One of the key phases in Magic is creature combat but making any combat choice is complicated. The cards you see in play only make up a small part of the puzzle. The AI can only see the creatures in play, so it has to make all of its decisions blindfolded. It doesn’t have years of experience or intuition to rely on. (Technically the AI can also see the cards in your hand and deck but trying to use that information is extremely complicated.)

So this leads me to the question, “How good can the AI be if it only considers the board?” The AI could comprehensively consider all the creatures in play and determine how to maximize the situation. Basically the AI would have function that evaluated the board and it would try to maximize it, but would this really help the AI play better?

The next level of AI would consider the board position and the cards in his hand, thus enabling him to effectively use Giant Growth and Terror. This type of AI would be a definite improvement over its primitive ancestor. The AI would seem more “alive” and would occasionally make a surprising play. (One of my goals is to have the AI surprise the player because it makes the game more interesting.)

Obviously there could be another level of AI that also considered the type of deck it was using and the type of deck it was playing against. I’m not sure if I’ll get to this level of sophistication, but I will keep it in mind.

Articles about the AI generate the most comments, so feel free to post your opinion. And if you are an expert in AI or write AI for videogames, please e-mail me.

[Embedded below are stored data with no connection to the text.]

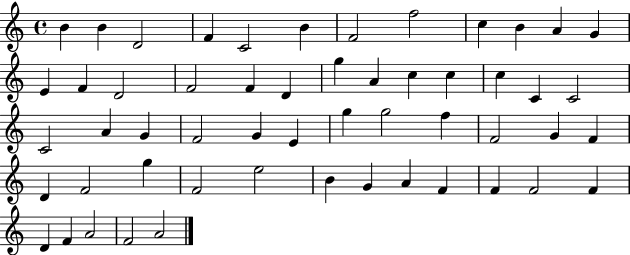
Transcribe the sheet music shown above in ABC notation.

X:1
T:Untitled
M:4/4
L:1/4
K:C
B B D2 F C2 B F2 f2 c B A G E F D2 F2 F D g A c c c C C2 C2 A G F2 G E g g2 f F2 G F D F2 g F2 e2 B G A F F F2 F D F A2 F2 A2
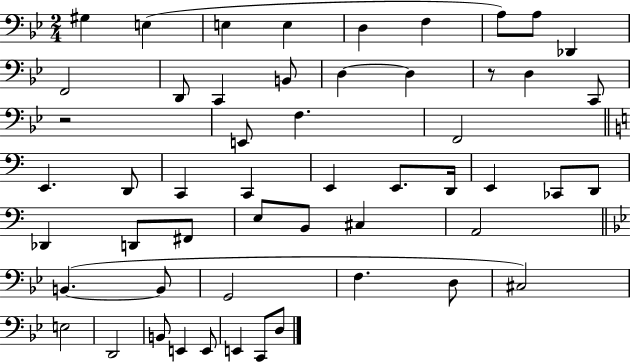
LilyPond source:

{
  \clef bass
  \numericTimeSignature
  \time 2/4
  \key bes \major
  gis4 e4( | e4 e4 | d4 f4 | a8) a8 des,4 | \break f,2 | d,8 c,4 b,8 | d4~~ d4 | r8 d4 c,8 | \break r2 | e,8 f4. | f,2 | \bar "||" \break \key c \major e,4. d,8 | c,4 c,4 | e,4 e,8. d,16 | e,4 ces,8 d,8 | \break des,4 d,8 fis,8 | e8 b,8 cis4 | a,2 | \bar "||" \break \key bes \major b,4.~(~ b,8 | g,2 | f4. d8 | cis2) | \break e2 | d,2 | b,8 e,4 e,8 | e,4 c,8 d8 | \break \bar "|."
}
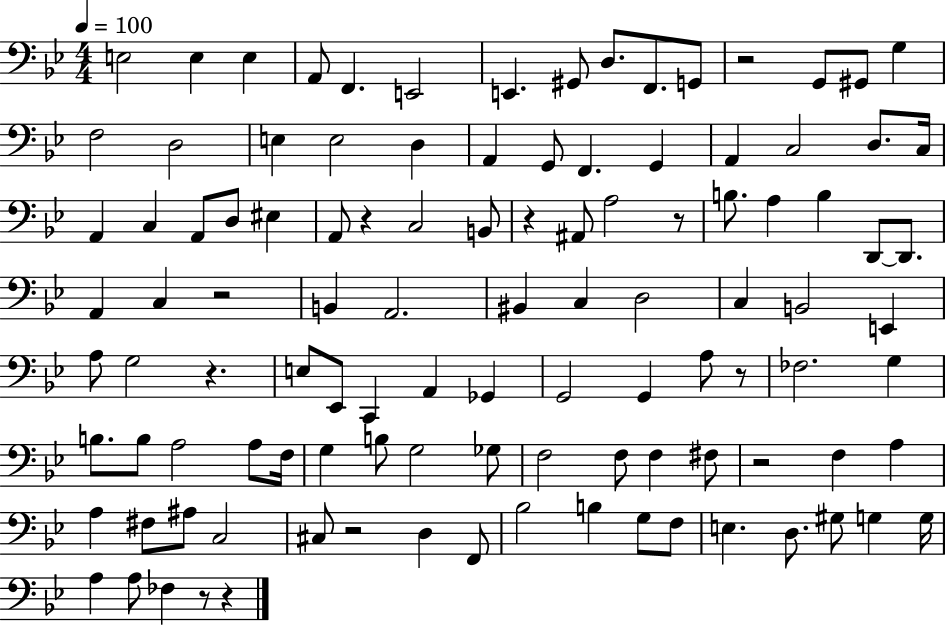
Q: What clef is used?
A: bass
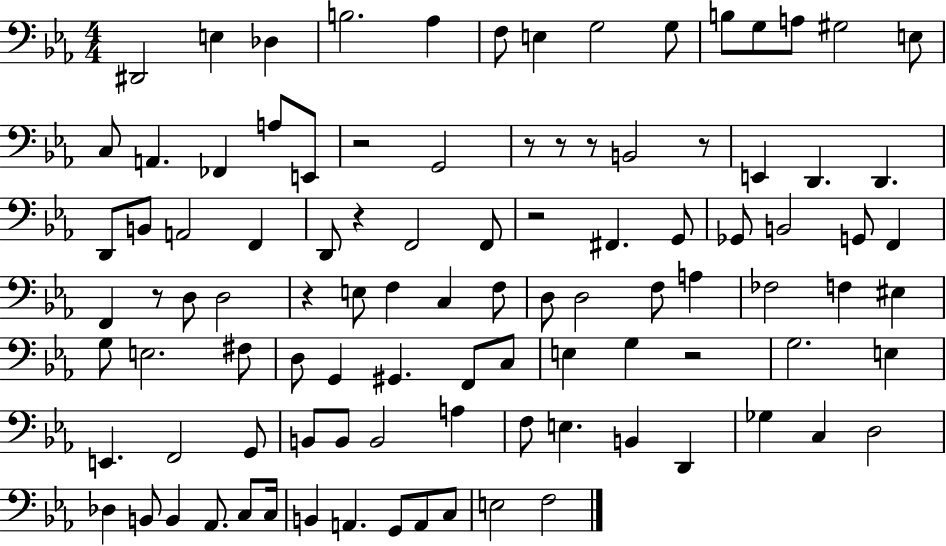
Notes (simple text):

D#2/h E3/q Db3/q B3/h. Ab3/q F3/e E3/q G3/h G3/e B3/e G3/e A3/e G#3/h E3/e C3/e A2/q. FES2/q A3/e E2/e R/h G2/h R/e R/e R/e B2/h R/e E2/q D2/q. D2/q. D2/e B2/e A2/h F2/q D2/e R/q F2/h F2/e R/h F#2/q. G2/e Gb2/e B2/h G2/e F2/q F2/q R/e D3/e D3/h R/q E3/e F3/q C3/q F3/e D3/e D3/h F3/e A3/q FES3/h F3/q EIS3/q G3/e E3/h. F#3/e D3/e G2/q G#2/q. F2/e C3/e E3/q G3/q R/h G3/h. E3/q E2/q. F2/h G2/e B2/e B2/e B2/h A3/q F3/e E3/q. B2/q D2/q Gb3/q C3/q D3/h Db3/q B2/e B2/q Ab2/e. C3/e C3/s B2/q A2/q. G2/e A2/e C3/e E3/h F3/h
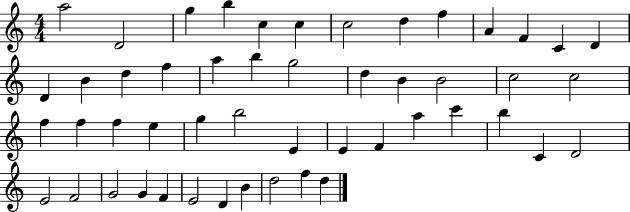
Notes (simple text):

A5/h D4/h G5/q B5/q C5/q C5/q C5/h D5/q F5/q A4/q F4/q C4/q D4/q D4/q B4/q D5/q F5/q A5/q B5/q G5/h D5/q B4/q B4/h C5/h C5/h F5/q F5/q F5/q E5/q G5/q B5/h E4/q E4/q F4/q A5/q C6/q B5/q C4/q D4/h E4/h F4/h G4/h G4/q F4/q E4/h D4/q B4/q D5/h F5/q D5/q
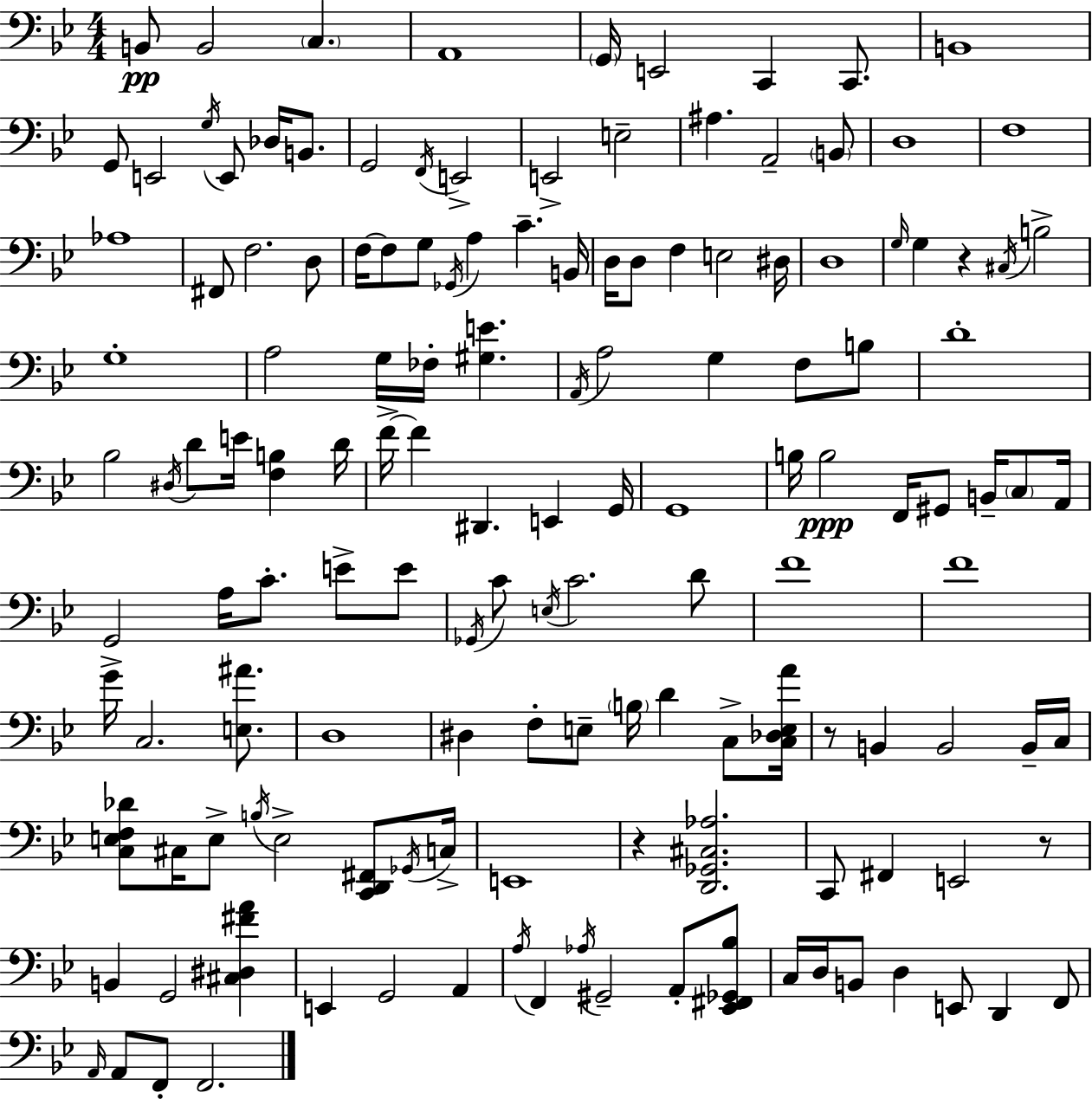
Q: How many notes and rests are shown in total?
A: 143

--Forge (mtgrares yahoo com)

21 comments:

Gando the Wandering Fool said...

Essentially what most experienced players do is exactly what you are describing...they imagine what could be in your hand (and they have a good guess because they know your deck...maybe better than you do) and then they weigh the possibilities before making any tactical decisions in combat or on the stack. So the AI's first task is to "KNOW" the decks. "What cards are likely to be drawn?" Ok then now that we have a clue about that then we ask: "What cards are likely to be played?"...and finally "what is the best solution to each play?" it can get tricky with combos but the task with playing against a combo deck is relatively simple...stop the most dynamic part of the combo. So your plan should be to identify the combos and then find their weakness.
(artifacts/enchantments get disenchanted, creatures get bolted, or removed, lands get destroyed, spells get countered, either directly by spell/ability or by removing their target(s).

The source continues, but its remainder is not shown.